====== MATERIALS PROVIDED ======
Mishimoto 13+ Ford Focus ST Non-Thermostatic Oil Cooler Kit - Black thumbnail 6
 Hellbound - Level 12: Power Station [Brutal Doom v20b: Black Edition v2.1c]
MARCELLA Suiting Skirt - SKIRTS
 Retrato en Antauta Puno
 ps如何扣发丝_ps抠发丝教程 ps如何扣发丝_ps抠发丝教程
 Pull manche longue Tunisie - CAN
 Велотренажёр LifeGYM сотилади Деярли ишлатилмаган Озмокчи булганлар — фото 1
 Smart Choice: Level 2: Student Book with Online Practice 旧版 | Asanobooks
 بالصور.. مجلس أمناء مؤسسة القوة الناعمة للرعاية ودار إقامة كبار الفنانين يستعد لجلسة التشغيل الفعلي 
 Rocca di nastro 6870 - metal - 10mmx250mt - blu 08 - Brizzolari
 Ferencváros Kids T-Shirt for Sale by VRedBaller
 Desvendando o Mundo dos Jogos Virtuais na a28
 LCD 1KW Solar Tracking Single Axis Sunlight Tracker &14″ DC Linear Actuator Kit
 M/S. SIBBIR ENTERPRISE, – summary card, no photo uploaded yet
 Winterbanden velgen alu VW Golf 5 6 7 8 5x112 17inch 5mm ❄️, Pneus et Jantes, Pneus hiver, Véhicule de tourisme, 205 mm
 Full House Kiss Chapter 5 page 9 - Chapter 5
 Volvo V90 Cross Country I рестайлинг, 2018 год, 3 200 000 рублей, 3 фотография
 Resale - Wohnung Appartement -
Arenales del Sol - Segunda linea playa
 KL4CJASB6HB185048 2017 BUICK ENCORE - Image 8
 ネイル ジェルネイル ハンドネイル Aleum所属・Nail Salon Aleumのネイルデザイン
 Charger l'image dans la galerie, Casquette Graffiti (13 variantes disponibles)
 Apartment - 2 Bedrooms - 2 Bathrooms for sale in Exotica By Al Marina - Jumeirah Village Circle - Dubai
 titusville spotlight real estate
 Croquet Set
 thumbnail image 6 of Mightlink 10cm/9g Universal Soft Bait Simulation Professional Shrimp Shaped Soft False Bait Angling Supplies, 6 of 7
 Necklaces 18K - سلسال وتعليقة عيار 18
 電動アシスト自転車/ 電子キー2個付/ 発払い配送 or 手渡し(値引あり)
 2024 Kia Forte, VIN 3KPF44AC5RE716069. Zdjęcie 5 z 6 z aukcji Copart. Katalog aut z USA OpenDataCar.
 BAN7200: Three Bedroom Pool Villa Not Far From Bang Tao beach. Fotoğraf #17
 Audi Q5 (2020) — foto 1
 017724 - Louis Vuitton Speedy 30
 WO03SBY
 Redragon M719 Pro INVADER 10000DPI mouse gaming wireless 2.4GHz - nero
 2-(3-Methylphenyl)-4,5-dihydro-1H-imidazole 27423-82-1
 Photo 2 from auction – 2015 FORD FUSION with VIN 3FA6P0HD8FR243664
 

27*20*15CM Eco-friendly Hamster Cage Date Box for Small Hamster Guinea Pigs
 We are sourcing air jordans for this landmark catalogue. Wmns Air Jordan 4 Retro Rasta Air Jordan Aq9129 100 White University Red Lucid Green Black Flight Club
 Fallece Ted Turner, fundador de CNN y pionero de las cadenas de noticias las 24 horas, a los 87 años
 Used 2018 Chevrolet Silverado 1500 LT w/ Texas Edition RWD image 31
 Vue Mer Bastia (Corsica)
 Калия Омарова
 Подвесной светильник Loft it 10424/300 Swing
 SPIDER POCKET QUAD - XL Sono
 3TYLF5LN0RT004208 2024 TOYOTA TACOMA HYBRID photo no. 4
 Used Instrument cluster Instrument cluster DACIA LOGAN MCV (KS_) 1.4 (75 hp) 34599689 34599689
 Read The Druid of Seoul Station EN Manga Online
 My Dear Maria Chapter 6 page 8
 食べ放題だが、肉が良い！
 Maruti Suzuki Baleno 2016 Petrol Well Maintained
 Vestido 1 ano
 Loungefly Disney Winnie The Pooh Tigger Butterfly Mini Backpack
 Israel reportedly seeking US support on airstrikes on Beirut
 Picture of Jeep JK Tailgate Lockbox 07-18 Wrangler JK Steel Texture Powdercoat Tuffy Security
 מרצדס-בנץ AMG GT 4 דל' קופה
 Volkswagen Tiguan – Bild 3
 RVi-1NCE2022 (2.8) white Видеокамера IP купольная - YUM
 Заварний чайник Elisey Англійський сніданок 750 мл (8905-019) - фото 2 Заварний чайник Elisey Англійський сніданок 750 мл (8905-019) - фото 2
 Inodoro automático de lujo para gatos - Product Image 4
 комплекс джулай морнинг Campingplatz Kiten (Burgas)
======
» REQUIRED WORK: Among the records above, how many lines contain the word "Station"? Answer with the number by itself.

» ANSWER TO THE PROBLEM: 2